**EXERCISE DESCRIPTION:** Every line of the listing below from the one with "LoveCraft-Wyywz字体转换" up to and including the one with "CAN Bahçıvan ve" should be retyped exactly, and nothing else; pictures are not part of the copy.

[[ PROVIDED MATERIAL open ]]

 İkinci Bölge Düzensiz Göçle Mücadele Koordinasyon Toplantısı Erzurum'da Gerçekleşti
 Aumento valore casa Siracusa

[[ PROVIDED MATERIAL closed ]]
[[ PROVIDED MATERIAL open ]]

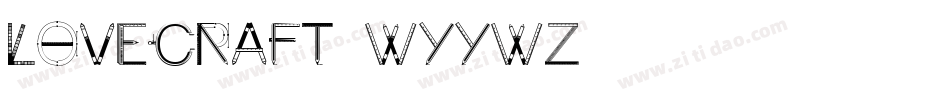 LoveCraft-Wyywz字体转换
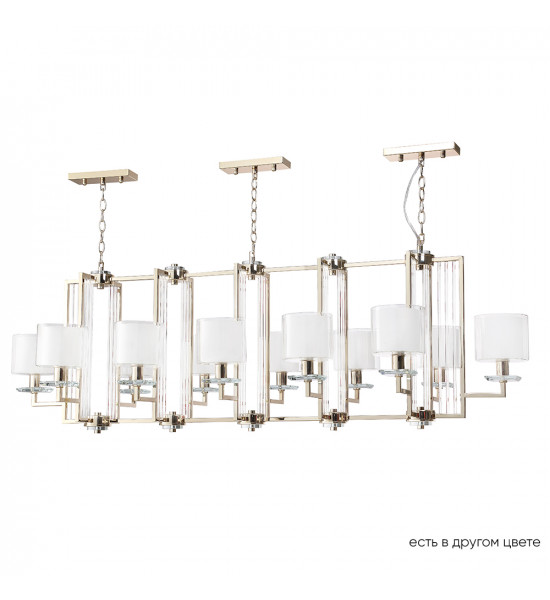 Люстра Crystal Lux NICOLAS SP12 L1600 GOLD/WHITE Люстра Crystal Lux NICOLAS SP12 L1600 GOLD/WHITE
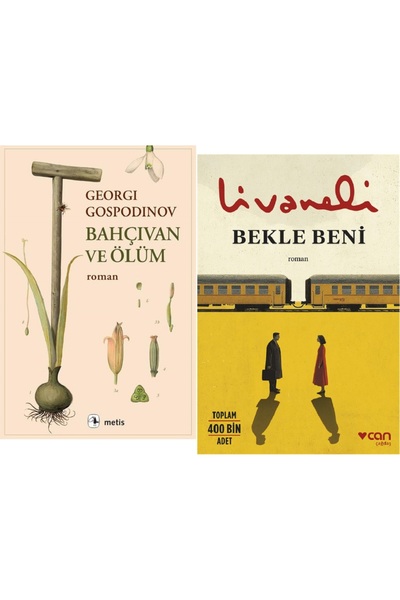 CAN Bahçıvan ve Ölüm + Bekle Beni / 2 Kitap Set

[[ PROVIDED MATERIAL closed ]]
[[ PROVIDED MATERIAL open ]]

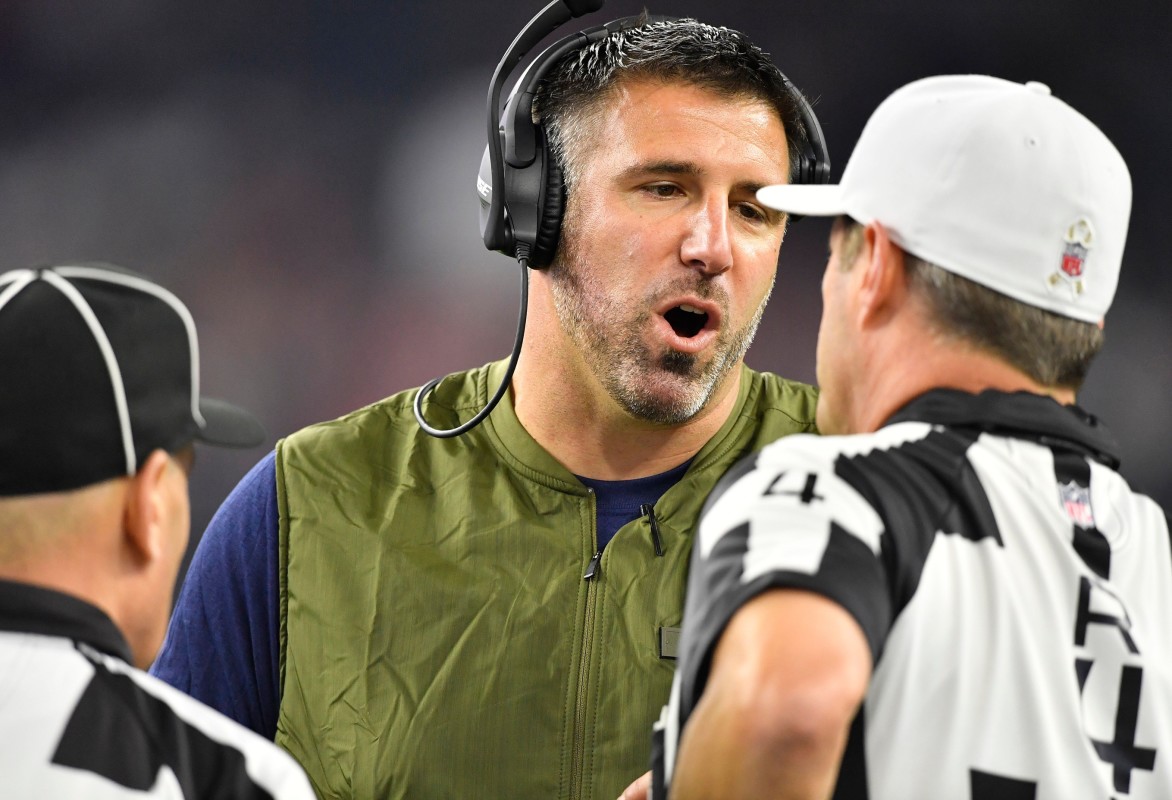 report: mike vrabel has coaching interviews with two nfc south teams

[[ PROVIDED MATERIAL closed ]]

**EXERCISE OUTPUT:**
 LoveCraft-Wyywz字体转换
 Люстра Crystal Lux NICOLAS SP12 L1600 GOLD/WHITE Люстра Crystal Lux NICOLAS SP12 L1600 GOLD/WHITE
 CAN Bahçıvan ve Ölüm + Bekle Beni / 2 Kitap Set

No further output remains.